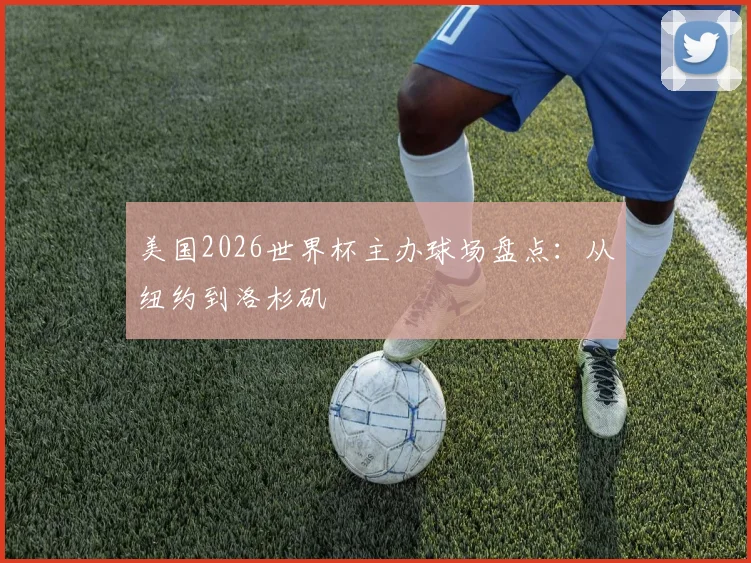 美国2026世界杯主办球场盘点：从纽约到洛杉矶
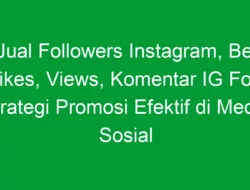 Jual Followers Instagram, Beli Likes, Views, Komentar IG Folls: Strategi Promosi Efektif di Media Sosial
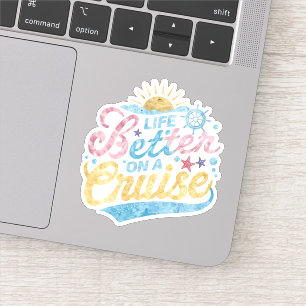 Sticker La Vie Est Meilleure Sur Une Croisière Famille Vac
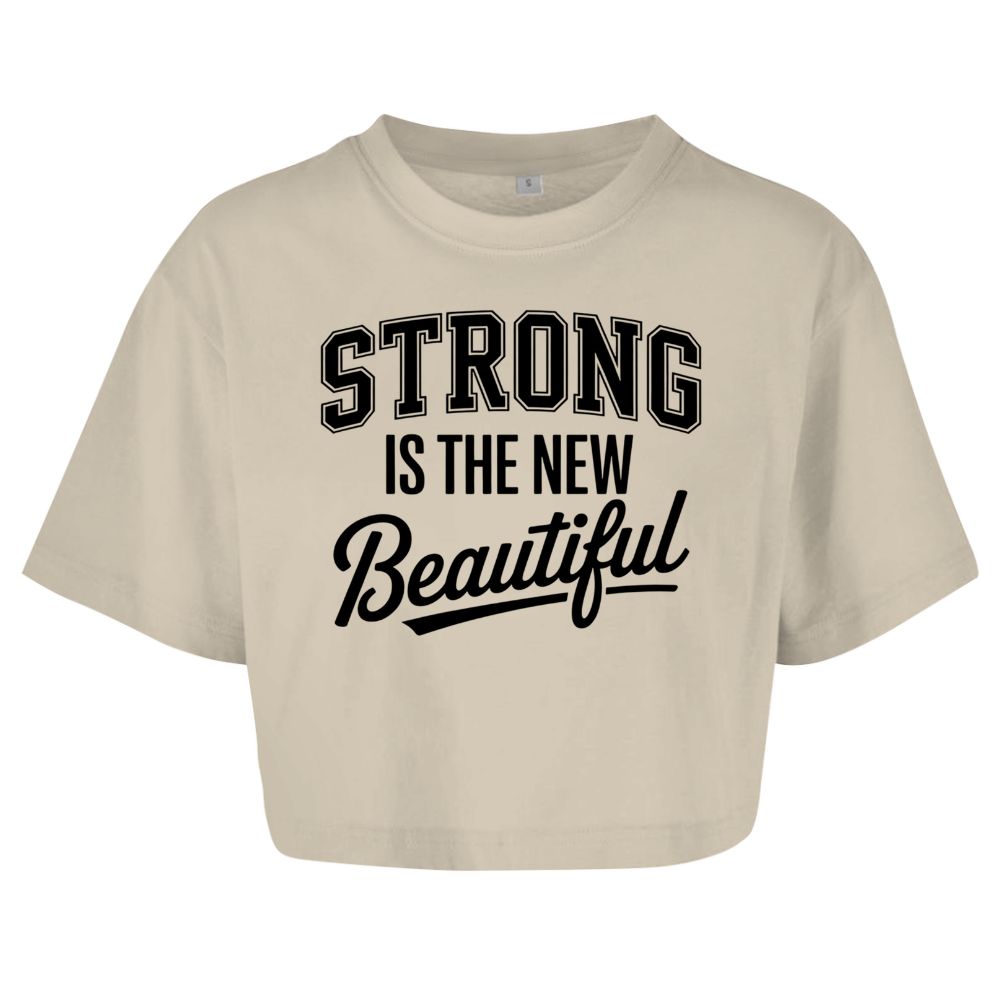 Strong Is The New Beautiful Oversize Crop Top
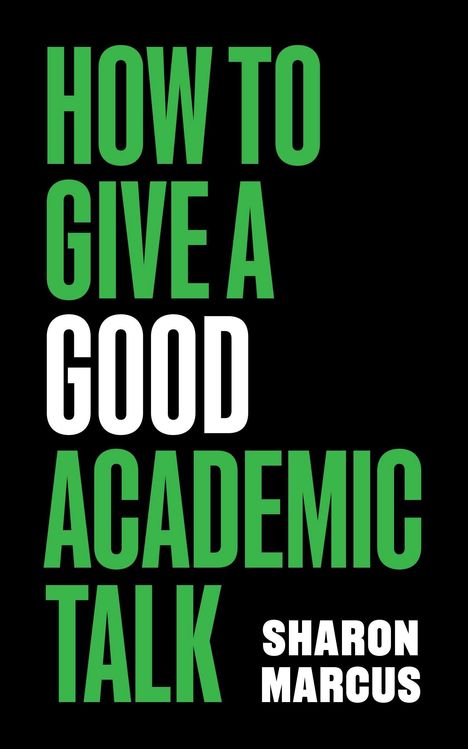 HOW TO GIVE A GOOD ACADEMIC TALK. Sharon Marcus. Schwarzer Hintergrund, grüner und weißer Text.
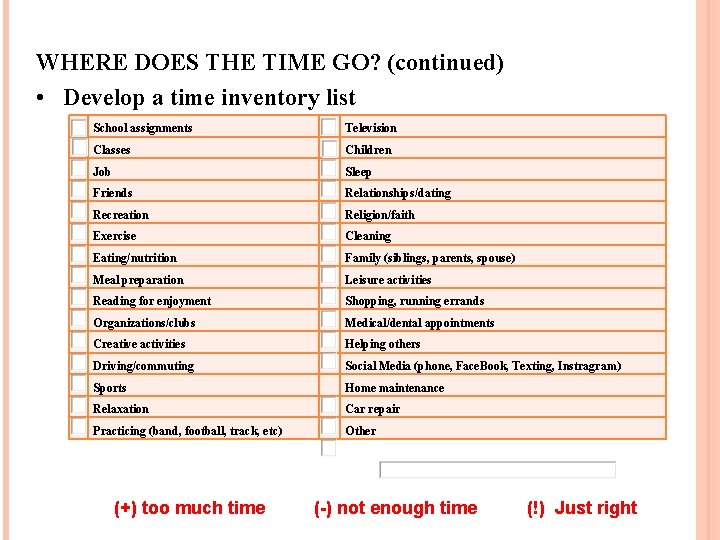 WHERE DOES THE TIME GO? (continued) • Develop a time inventory list School assignments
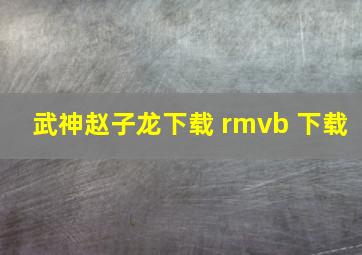 武神赵子龙下载 rmvb 下载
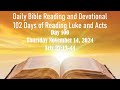 Daily Bible Reading and Devotional: 102 days of Reading through Luke and Acts 11-14-2024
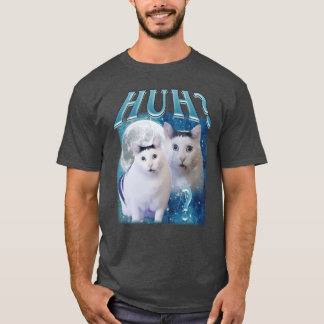 Huh Was Lustiges Katzen Meme lustig T-Shirt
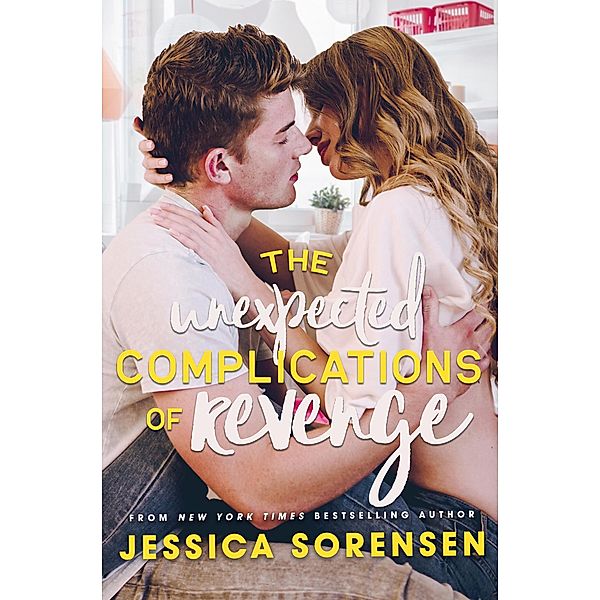 Unexpected Ways Series: The Unexpected Complications of Revenge (Unexpected Ways Series, #1), Jessica Sorensen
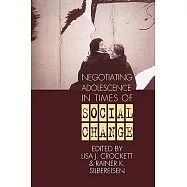 Negotiating Adolescence in Times of Social Change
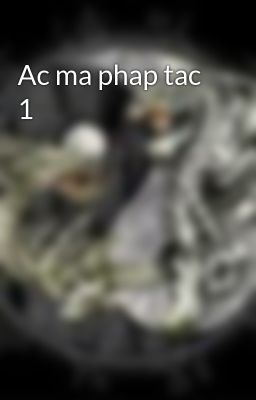 Ac ma phap tac 1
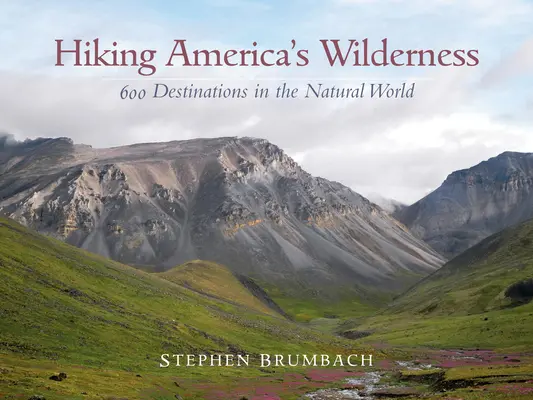 Wędrówki po bezdrożach Ameryki: 600 miejsc w świecie przyrody - Hiking America's Wilderness: 600 Destinations in the Natural World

........

* Assignment: The line that contains "武神赵子龙下载 rmvb 下载" opens the part to copy, and the last line of the records closes it; set down those lines exactly, pictures excluded.

* Output for this task:
 武神赵子龙下载 rmvb 下载
 Daily Bible Reading and Devotional: 102 days of Reading through Luke and Acts 11-14-2024
 Huh Was Lustiges Katzen Meme lustig T-Shirt
 Unexpected Ways Series: The Unexpected Complications of Revenge (Unexpected Ways Series, #1), Jessica Sorensen
 Negotiating Adolescence in Times of Social Change
 Ac ma phap tac 1
 Wędrówki po bezdrożach Ameryki: 600 miejsc w świecie przyrody - Hiking America's Wilderness: 600 Destinations in the Natural World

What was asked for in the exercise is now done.